About this exercise: Each line below from the "a bathroom with a toilet and a sink" line through the "Tourists on urban" line, those two included, must be restated word for word; the pictures must not be.

Records to process:

________________________________________

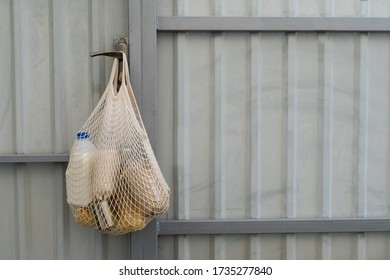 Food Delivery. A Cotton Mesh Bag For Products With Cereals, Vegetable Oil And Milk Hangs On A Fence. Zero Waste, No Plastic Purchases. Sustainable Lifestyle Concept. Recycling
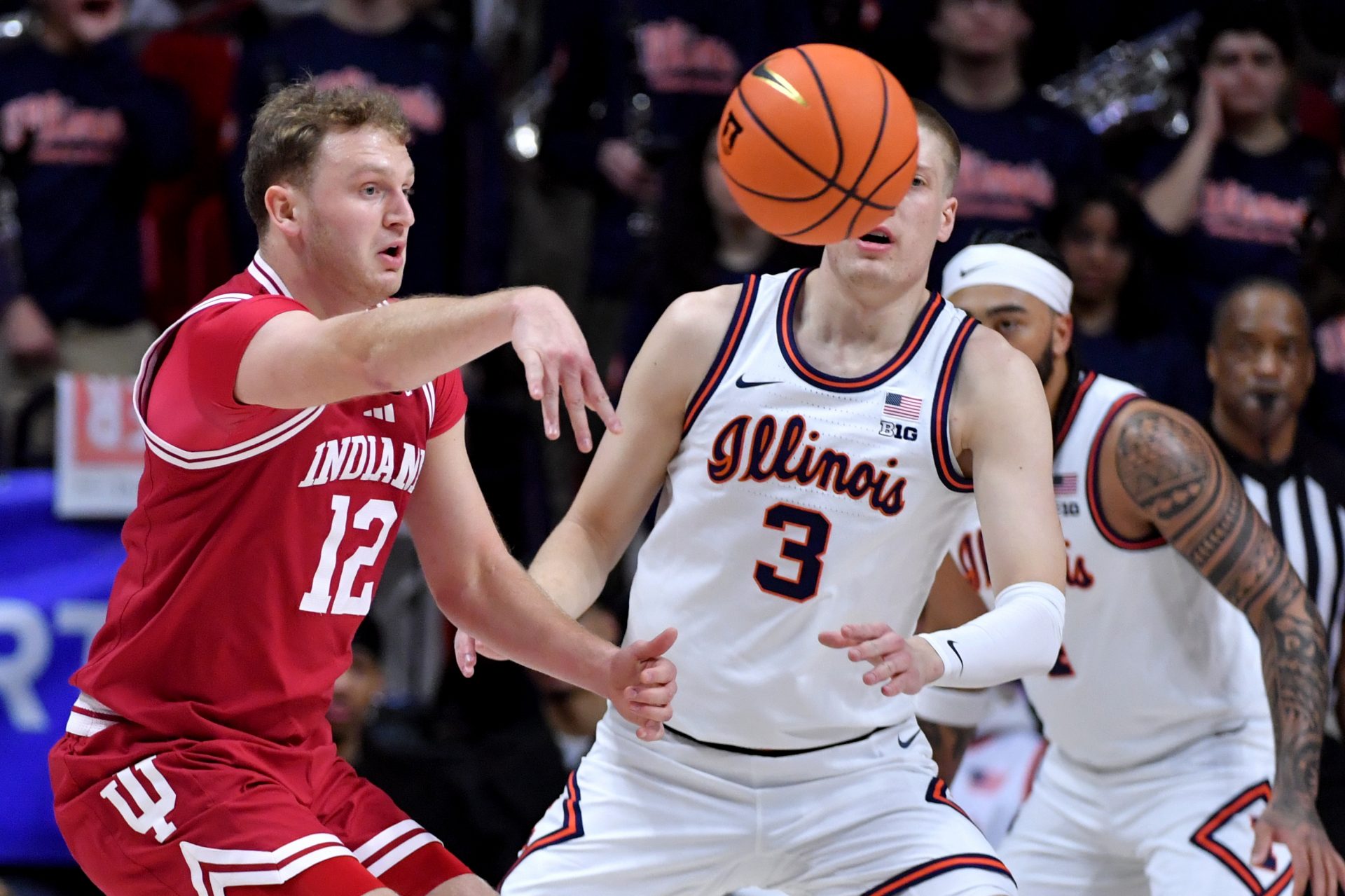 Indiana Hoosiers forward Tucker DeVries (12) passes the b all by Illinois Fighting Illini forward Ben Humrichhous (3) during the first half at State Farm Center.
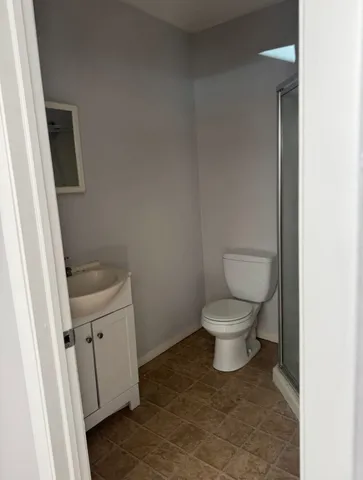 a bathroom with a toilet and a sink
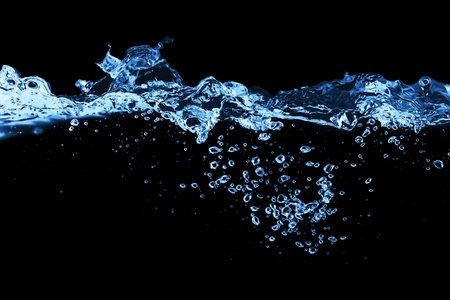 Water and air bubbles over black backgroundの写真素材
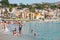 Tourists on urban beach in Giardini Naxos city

________________________________________

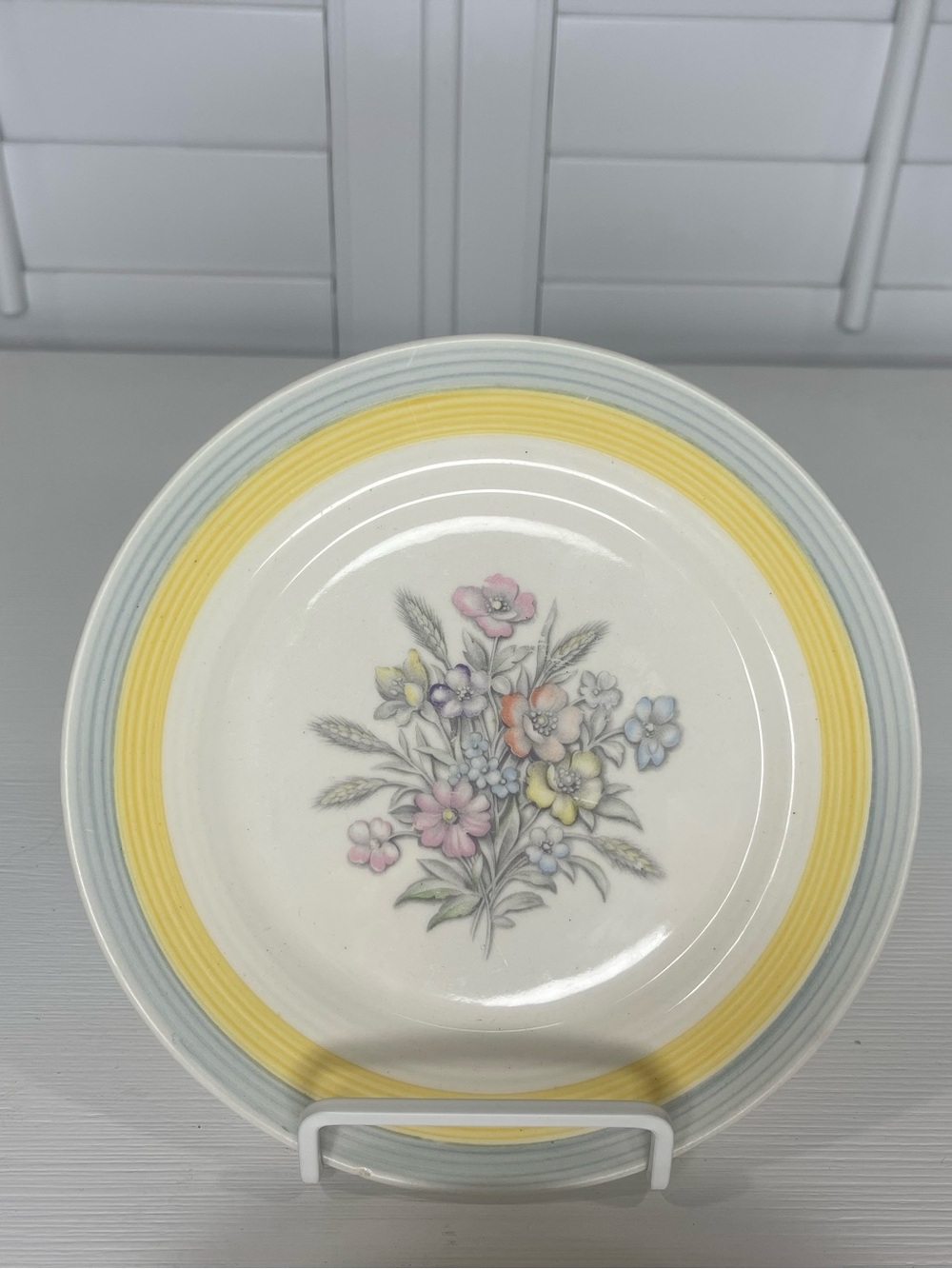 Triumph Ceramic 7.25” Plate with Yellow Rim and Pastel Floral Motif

________________________________________

The completed task:
 a bathroom with a toilet and a sink
 Water and air bubbles over black backgroundの写真素材
 Tourists on urban beach in Giardini Naxos city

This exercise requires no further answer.